Essentially, my point is this: the majority of people for the majority of beliefs, true or false, have little more than one-liners to defend them. That a gaggle of tourists who hold an opinion are not well versed in natural philosophy or mathematics is an argument that could apply just as well to those who hold to much older universe. Given that nearly all of the arguments I have seen for the primary opponent and nemesis of the young-earth theory, namely, the theory of evolution by natural selection, also consist of one-liners and broad statements made on little evidence, I have some sympathy for those who conclude that those who are against God are probably wrong about quite a few other things as well. Take into account the modern idolatry of science, the myriad of other topics where the authorities, that is, academics or "experts" or perhaps "a consensus" seem to be rather horribly wrong (or at least far more certain than the evidence warrants), and last but not least the fact that the majority of people take the majority of things on faith, is it any wonder that large numbers of people should have concluded that a thing so reviled by the same "experts" that have shown themselves to be manifestly unworthy of the trust I would give my dog must have something to it? And even if science as a method of knowing the material world, Science!!! (which most people have trouble distinguishing from it) has proven roughly that trustworthy in recent decades.
It has also been my experience, though I find this fault harder to excuse, that many young-earth hard-liners have fallen into the trap of believing that young-earth creationism and TENS are their only options, and further into the fallacy that even if TENS is true (of which I am personally skeptical) it somehow disproves God. To be fair, many of their most famous opponents seem to have fallen into the same trap.

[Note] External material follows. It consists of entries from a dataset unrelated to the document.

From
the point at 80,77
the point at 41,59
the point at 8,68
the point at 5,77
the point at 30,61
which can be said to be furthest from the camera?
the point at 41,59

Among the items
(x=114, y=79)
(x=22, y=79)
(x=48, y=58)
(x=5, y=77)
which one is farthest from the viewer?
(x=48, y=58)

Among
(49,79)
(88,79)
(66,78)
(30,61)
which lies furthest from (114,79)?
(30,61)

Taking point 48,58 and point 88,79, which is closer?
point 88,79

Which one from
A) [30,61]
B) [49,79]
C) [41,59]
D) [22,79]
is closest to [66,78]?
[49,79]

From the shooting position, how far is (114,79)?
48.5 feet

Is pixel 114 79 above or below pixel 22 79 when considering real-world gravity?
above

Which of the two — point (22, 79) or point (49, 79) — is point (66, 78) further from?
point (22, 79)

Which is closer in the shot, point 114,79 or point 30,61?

For my part, I would rather live in a society of ignoramuses who acknowledge the sovereignty of God than geniuses who do not. If there really were a conflict between Christian faith and reason, it would seem to me that the virtuous choice would be faith. Young-earthers seem to me to be those who have bought into the one lie, but not, as the followers of the movement that spawned them (for indeed, the adherents of TENS spread that lie, without which Young-earth creationism would not exist as a movement), but not the lie that would damn them, so like the Protestants (for not all young-earthers are Protestant; it is also perhaps worth noting here that I am a recent convert to Catholicism), I call them brothers, and welcome their help, even if, I think, misguided and often ineffective, against our mutual foes the atheists. In other words, I object not so much to the belief that they are wrong as to the widespread contempt for them.

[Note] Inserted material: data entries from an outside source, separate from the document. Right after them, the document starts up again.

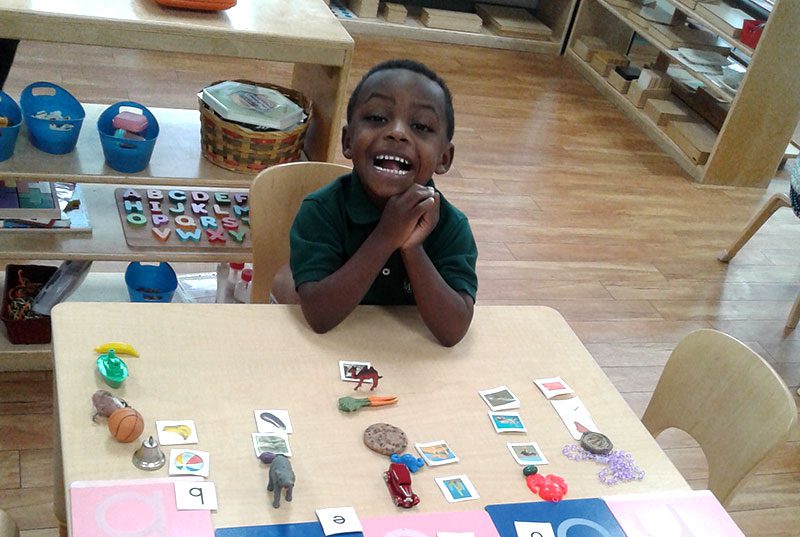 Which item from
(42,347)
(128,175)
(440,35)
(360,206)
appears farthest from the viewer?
(440,35)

I am also Catholic, though I'm not a convert, exactly, having been raised as such. That being said, I confess that I feel a closer kinship to honest atheism than to glib anti-rationalism, however theistic, and I don't view atheists as foes. There's a country or garden variety of anti-rationalism, represented by young-earthers and the like, and then there's the ornamental or academic variety, which I alluded to at the end of my post. They both tend toward the same thing: rejection of the good, the true, and the beautiful. And they're both susceptible to the same follies. Anti-rationalism takes effort. Atheism...well, some people, even very religious people, have a hard time not being atheists. I myself am one of them.